En mi tercer año en la universidad me hice inmensamente estresado y me di cuenta que no iba a ser capaz de disfrutar la universidad o mi profesión a menos que descubriera qué estaba pasando con mi habla. Busqué información y por primera vez aprendí lo que significa el tener una tartamudez, una palabra que nunca asocié conmigo. Descubrí el Programa McGuire y decidí que valía la pena intentarlo.

Llegando a la familiar ciudad de Galway para mi primer curso en el verano del 2013, el mismo lugar donde comenzó mi tartamudez, me sentí determinado a realizar un cambio. Fue un alivio inmenso el conocer a otros que estaban siendo desafiados por el mismo problema.

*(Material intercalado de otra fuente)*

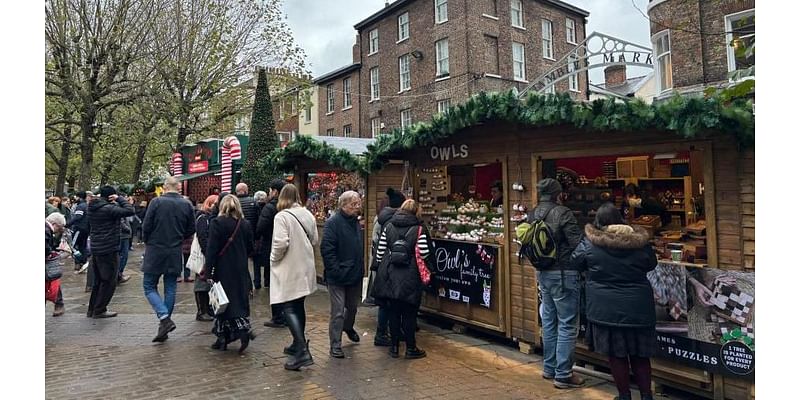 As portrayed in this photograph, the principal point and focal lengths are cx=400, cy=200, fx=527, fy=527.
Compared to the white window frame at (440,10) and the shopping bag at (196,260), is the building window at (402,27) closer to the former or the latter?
the white window frame at (440,10)

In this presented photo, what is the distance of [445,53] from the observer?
26.5m

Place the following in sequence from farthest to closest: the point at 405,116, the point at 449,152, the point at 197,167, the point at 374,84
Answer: the point at 374,84
the point at 405,116
the point at 197,167
the point at 449,152

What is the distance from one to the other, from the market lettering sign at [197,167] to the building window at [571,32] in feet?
69.4

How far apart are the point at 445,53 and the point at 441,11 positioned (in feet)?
7.16

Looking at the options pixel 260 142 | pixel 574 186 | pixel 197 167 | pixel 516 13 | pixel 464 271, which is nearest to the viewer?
pixel 464 271

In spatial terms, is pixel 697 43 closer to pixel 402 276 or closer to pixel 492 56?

Después de un primer día intenso de aprender las nuevas técnicas, me di cuenta de que podía hablar con una facilidad que no había sentido en muchos años. Haciendo los contactos también me enseñó eso, cuando estaba armado con las técnicas y la mentalidad del curso, no había absolutamente nada que me detuviera de interactuar en la manera que quería.

La parte difícil fue regresar al mundo exterior, y resistir las tentaciones de caer de nuevo en mis patrones antiguos de habla. Pero con el inmenso apoyo de los coaches, quienes estaban a una llamada de distancia, y los grupos de apoyo.

Fui capaz de incluso ganar más confianza y expandir mis zonas de confort al buscar oportunidades del habla. Finalmente podía experimentar cómo puede ser la vida si mi habla no fuera un problema. Todavía estoy trabajando continúamente en fortalecer mi habla y poniéndola a prueba en cualquier forma que pueda.